Matahari terbit

4 2 0
                                    

Di balkon kamar milik Arsya lelaki itu tengah menatap ribuan bintang ditemani satu bulan yang terang. Ia menyukai bintang, memiliki cita-cita menjadi bulan karena ia memiliki filosofinya sendiri tentang bulan.

"Kira-kira kakak lagi ngapain disana?" Arsya berucap sembari menengadahkan kepalanya keatas.

"Kak Arsya kangen! Maafin Arsya gak bisa nolongin kakak waktu itu."seketika kepalanya tertunduk dalam. Ada sorot kerinduan juga rasa bersalah dimatanya.

Ngomong-ngomong kini pukul 03.00 menjelang pagi, namun Arsya tidak bisa memejamkan matanya berakhir ia duduk di balkon sendirian.

Bermenit-menit lamanya ia termenung menatap ribuan bintang, hingga tak menyadari bahwa waktu berjalan cepat. Tadi pukul 03.00 sekarang pukul 04.55, namun ia tak peduli, termenung dibalkon kamar dengan udara dingin yang menerpa kulit adalah hal biasa baginya.

Selang berapa lama pintu balkon disebelahnya terbuka, menampilkan seorang gadis dengan piyama yang sedikit basah akibat air. Gadis itu adalah Lita, ia terbangun dan tak bisa tidur kembali.

Lita melamun, menatap pagar didepannya. Posisinya sekarang adalah duduk sama seperti Arsya. Terdiam hingga tatapannya kosong, adalah hal yang ia lakukan.

"Pagi Ta, tumben udah bangun." Arsya menyapa Lita dari balkon kamarnya.

"Hah? I-iya lah, lagi rajin gw."Lita tersadar. Lantas gadis itu bangun dan meloncat ke balkon kamar Arsya.

"Lo gak tidur Ar?"tanya Lita.

"Nggak bisa tidur Ta, kepikiran terus." ucap Arsya. Lelaki itu membuang nafas berat.

"Kakak lo?" tebak lita tepat sasaran.
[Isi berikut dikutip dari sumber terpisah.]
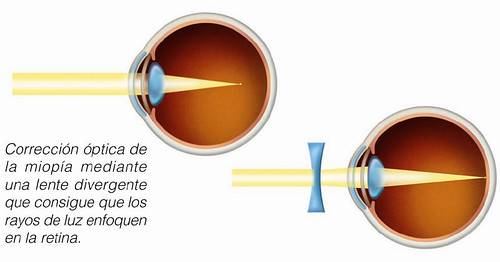 Defectos ópticos - Clínica oftalmológica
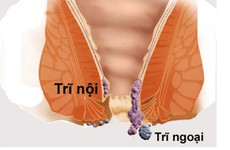 Thay đổi thói quen đại tiện cũng là cách phòng tránh bệnh trĩ hiệu quả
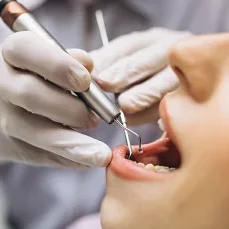 Endodoncia en Medicadentec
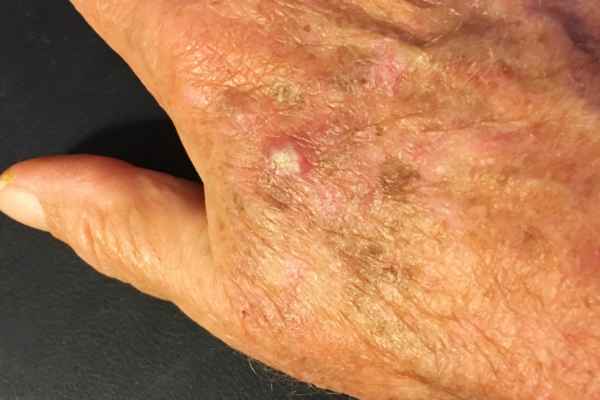 What Makes CryoPen a Safe Choice for Wart Removal Woodley ?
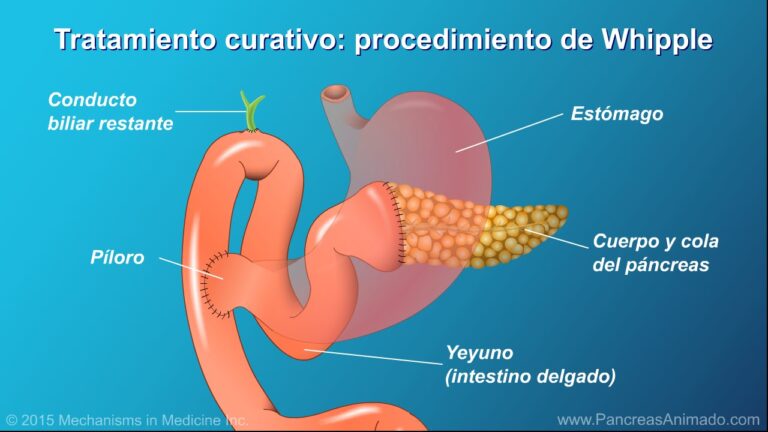 cancer-de-pancreas-sintomas-y-tratamientos - 2024-11-05 - Cancer De Pancreas
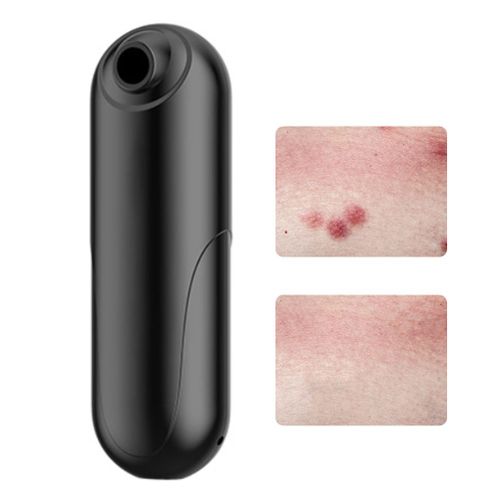 Hjlian Outil De Soulagement Des Demangeaisons Dues Aux Piqures D'insectes, Suceur De Piqures De Moustiques Rechargeable Par Usb, Sans Produits Chimiques, Pour Les Piqures D'insectes, D'abeilles Et De Guepes 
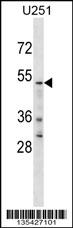 Rabbit Polyclonal Antibody to YTHD2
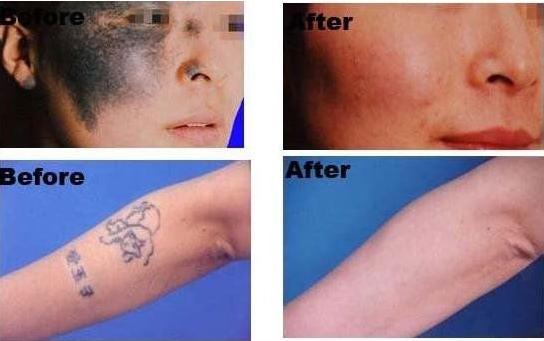 E-luz vertical 3Handles TruMED de la máquina 3500W del retiro del pelo del IPL (SHR+IPL+Nd: Yag)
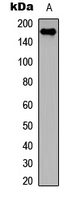 Western blot analysis of Collagen 11 alpha 2 expression in COLO205 (A) whole cell lysates.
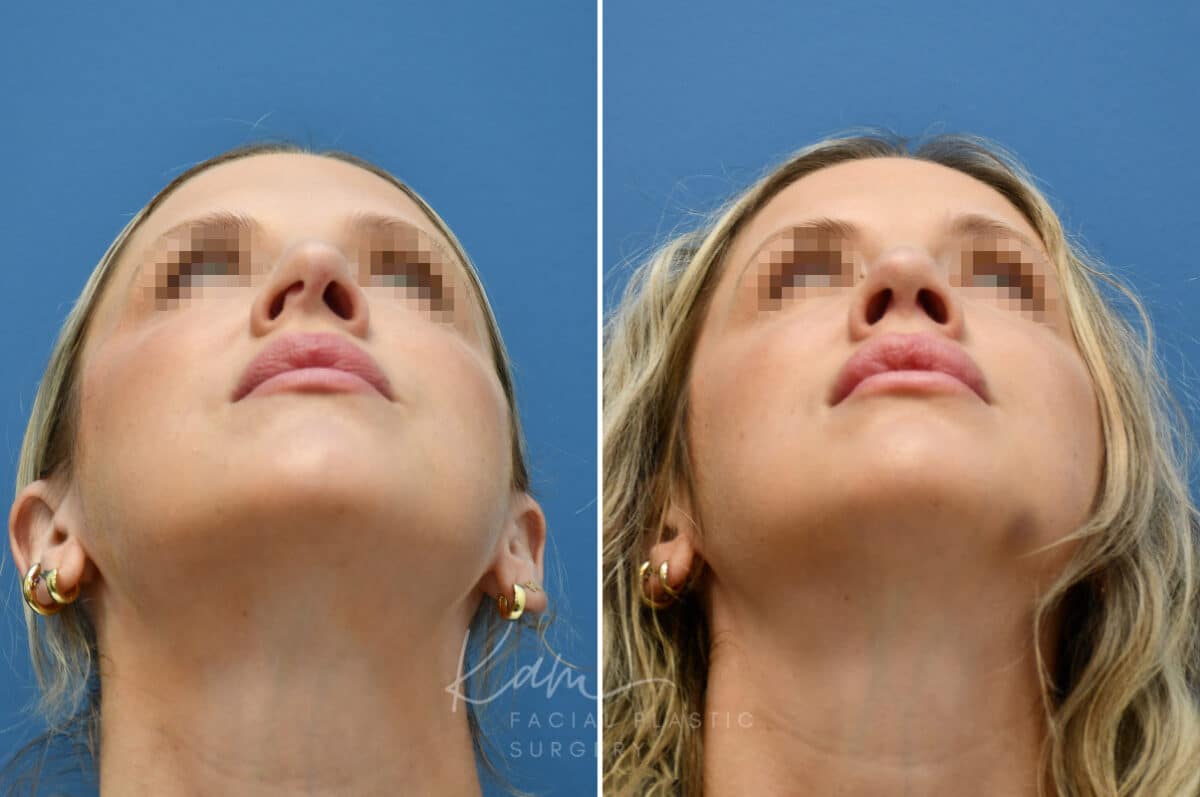 Rhinoplasty before and after photos in Voorhees, NJ, Patient 3972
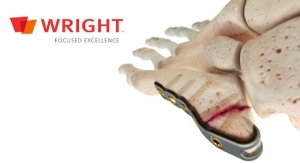 Wright Medical Launches ORTHOLOC 3Di Small Bone Plating System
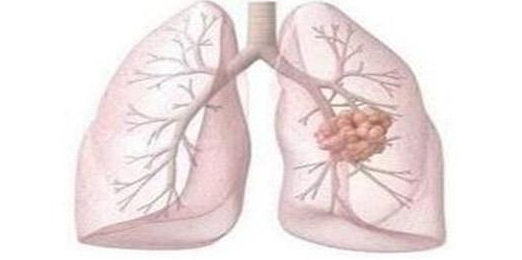 印度奥希替尼能部分延长肺癌患者的生命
Arsya hanya mengangguk. "Lo kangen sama kakak lo ya,"lagi-lagi Arsya mengangguk.

"Gw ngerasa bersalah gak bisa nolongin kakak waktu itu." Arsya berucap lirih.
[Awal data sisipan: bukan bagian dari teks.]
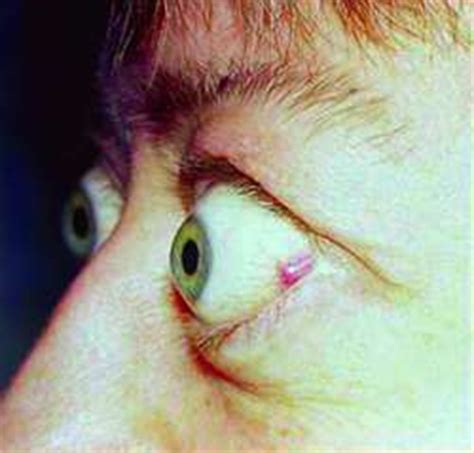 Exophthalmia | definition of exophthalmia by Medical dictionary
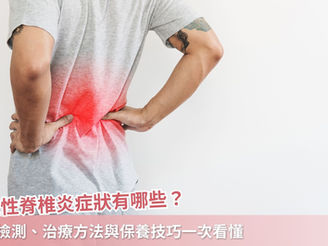 僵直性脊椎炎症狀有哪些?自我檢測、治療方法與保養技巧一次看懂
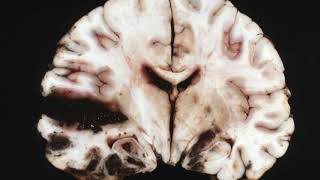 Difference Between Glioma and Glioblastoma [upl. by Ocker]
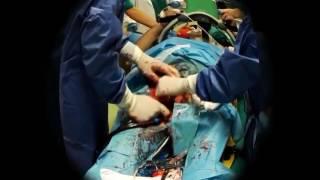 ECPR Extracorporeal CardioPulmonary Resuscitation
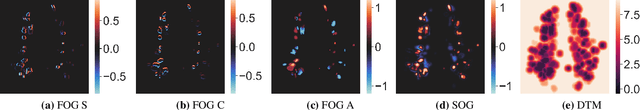 Figure 1 for Geometric Loss for Deep Multiple Sclerosis lesion Segmentation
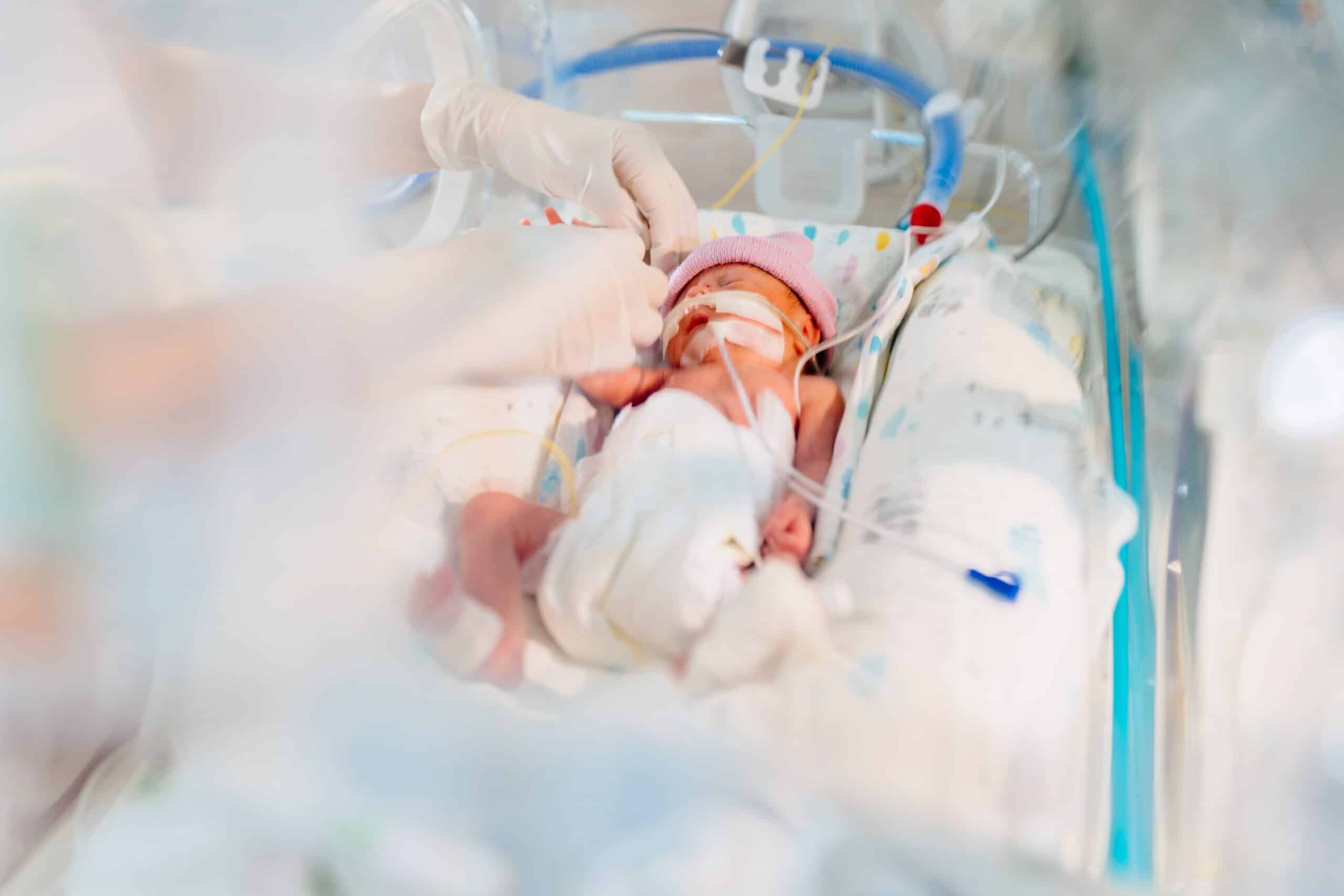 Neonatologia – Prematuros estão mais expostos a eventos adversos nos primeiros dias de internação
"Lo gak salah Ar, itu emang udah garis takdirnya."Lita mengelus punggung Arsya berniat memberi ketenangan.

"Tapi tetep aja Ta, kalo gw bisa nolongin kakak waktu itu pasti kakak gak bakal pergi, dan orang tua gw masih utuh." Arsya berujar lirih.

"Gw tau, pasti berat ngejalanin semuanya sendiri. Tapi tuhan tau batasan buat nguji hambanya. Contohnya lo, buktinya lo bisa lewatin ini semua, meski lo bilang ini terlalu berat." Lita berujar panjang lebar.

Saking asiknya curhat, mereka tidak menyadari bahwa langit gelap mulai menghilang, disusul cahaya 𝘰𝘳𝘢𝘯𝘨𝘦 dan 𝘬𝘶𝘯𝘪𝘯𝘨 yang menghiasi langit bersamaan matahari muncul.

"Eh Ar, liat deh mataharinya bagus banget. Ahh, seneng banget gw."ujar Lita kesenangan. Melihat matahari terbit adalah favoritnya, meskipun jarang karena ia selalu bangun kesiangan.

Arsya tersenyum melihatnya, Rasanya semua bebannya hilang hanya karena melihat Lita tersenyum.

"Seneng banget kayaknya."Arsya mencubit pelan pipi Lita saking gemasnya.

"Senenglah, jarang-jarang tau gw liat matahari terbit."ujar Lita. Matanya berbinar-binar lucu sekali, ingin rasanya Arsya melahapnya saat itu juga.

"Bangunnya harus pagi-pagi, sedangkan lo kan kebo."Arsya berucap.

"Dih apaan, buktinya gw udah bangun pagi. Seenaknya aja lo manggil gw kebo."Lita cemberut dengan wajah kesalnya.

"Jangan ngambek 𝘢𝘵𝘶𝘩 gw kan cuman bercanda."Arsya mendekap tubuh Lita dan mencubit pipinya.

"Tapi ada syaratnya biar gw nggak ngambek lagi."ujar Lita dengan raut yang kembali bahagia.

"Apaan? Jangan yang aneh-aneh."Arsya berucap waspada.